Code performance in R: Which part of the code is slow?
This is the first part of our series about code performance in R.
Let's assume you have written some code, it's working, it computes the results you need, but it is really slow. If you don't want to get slowed down in your work, you have no other choice than improving the code's performance. But how to start? The best approach is to find out where to start optimizing.
It is not always obvious which part of the code makes it so slow, or which of multiple alternatives is fastest. There is the risk to spending a lot of time optimizing the wrong part of the code. Fortunately, there are ways to systematically test how long a computation takes. An easy way is the function system.time
. Just wrap your code into this function, and you will (in addition to the actual results of that code) get the time your code took to run.

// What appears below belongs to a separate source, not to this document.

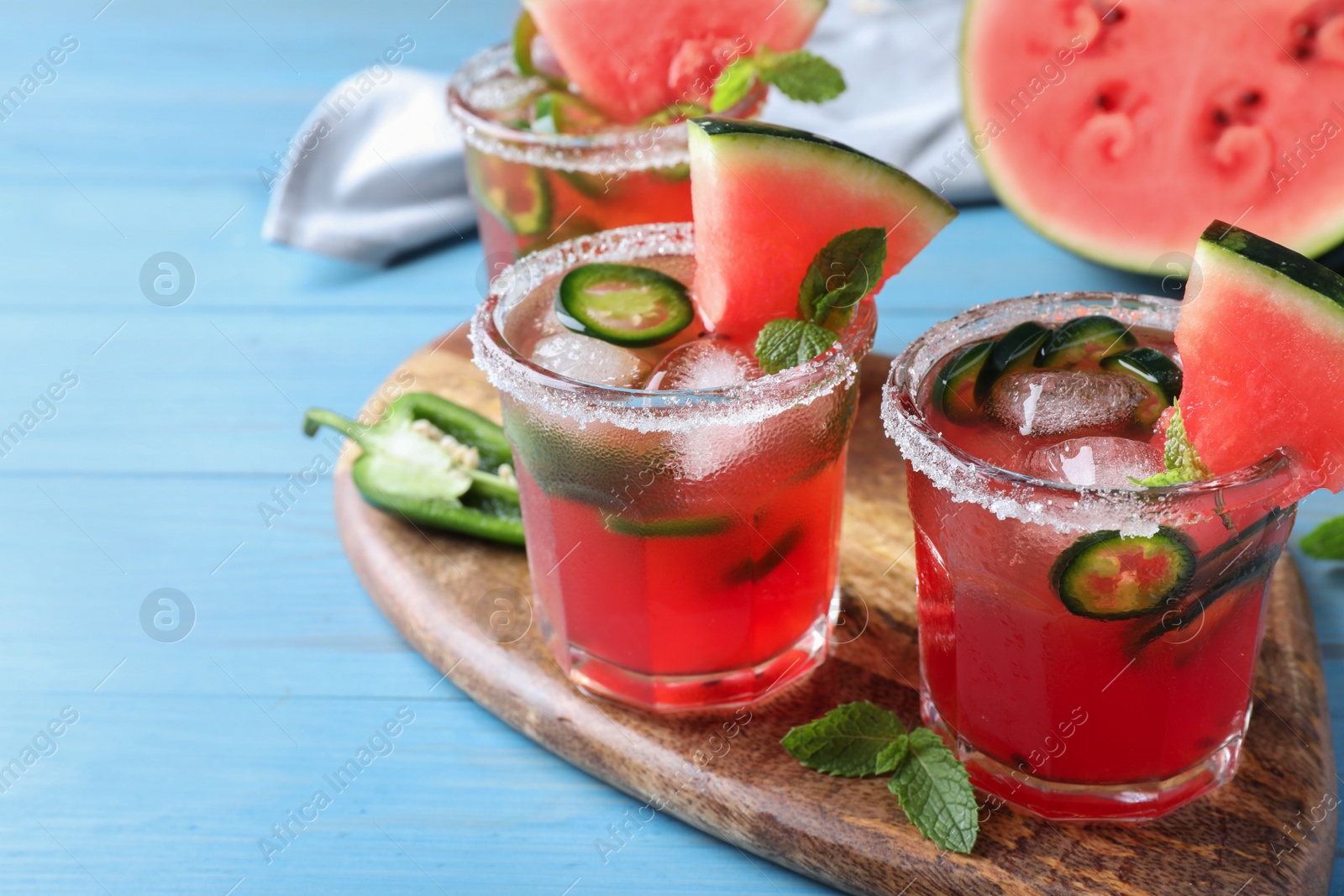 Photo of Glasses of spicy cocktail with jalapeno and mint on light blue wooden table. Space for text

Let's draw a lot of random numbers as an example:
system.time(runif(n = 1000000))
## user system elapsed
## 0.024 0.003 0.027
The value for user shows the "time charged for the execution of user instructions of the calling process" (see ?proc.time
).
system.time
is only useful for computations that take a bit longer (at least some seconds). If a single execution takes only microseconds, the result of system.time
will vary widely due to tiny tasks your system happens to be doing in the background. It would then be better to run the code several times and look at the mean or median of the computation times. Luckily, the microbenchmark
package already provides a tool for this. In addition, you can compare different pieces of code. microbenchmark
runs an expression several times (100 times per default) and computes some summary statistics for the computation times. Let's try it out in order to compare two different ways of subsetting:
library(microbenchmark)
microbenchmark(
"dollarSign" = iris$Sepal.Length[10],
"brackets" = iris[10, "Sepal.Length"]
)
## Unit: nanoseconds
## expr min lq mean median uq max neval
## dollarSign 584 651 1036.28 906.5 1042.5 15651 100
## brackets 8391 9054 11322.02 9355.0 9885.0 49936 100
Although both versions lead to the same result, the bracket version clearly took longer on average. But a look at min and max reveals that a single try could have led to a different result! Optimizing a whole script by spending hours with adding system.time
or microbenchmark
to every single function may sound a bit ineffective to you. A better way would be to use the profiler from the profvis
package in RStudio. Just wrap your code into profvis()
and run it. The profiler interface will open and give you a very clear overview of which part of the code takes how much time. In the following example, we simulate some data, create two plots, and compute a statistical model twice using two different functions.
library(profvis)
profvis({
library(dplyr)
library(ggplot2)
# Simulate data
n <- 5000000
dat <- data.frame(norm = rnorm(n),
unif = runif(n),
poisson = rpois(n, lambda = 5))
# Compute more variables
dat <- dat %>%
mutate(var1 = norm + unif,
var2 = poisson - unif + min(poisson - unif),
var3 = 3 * unif - 0.5 * norm)
# Plots
ggplot(dat, aes(x = var1, y = var3)) +
geom_point() +
geom_smooth(method = lm)
ggplot(dat, aes(var1)) +
geom_histogram() +
geom_vline(xintercept = 0, color = "red")
# Models
modLm <- lm(var1 ~ var2 + var3, data = dat)
summary(modLm)
modGlm <- glm(var1 ~ var2 + var3, data = dat,
family = gaussian(link = "identity"))
summary(modGlm)
})
Note: The computation times always fluctuate due to random influences. This means that the results of system.time
, microbenchmark
, and the profiler will vary a bit with each execution.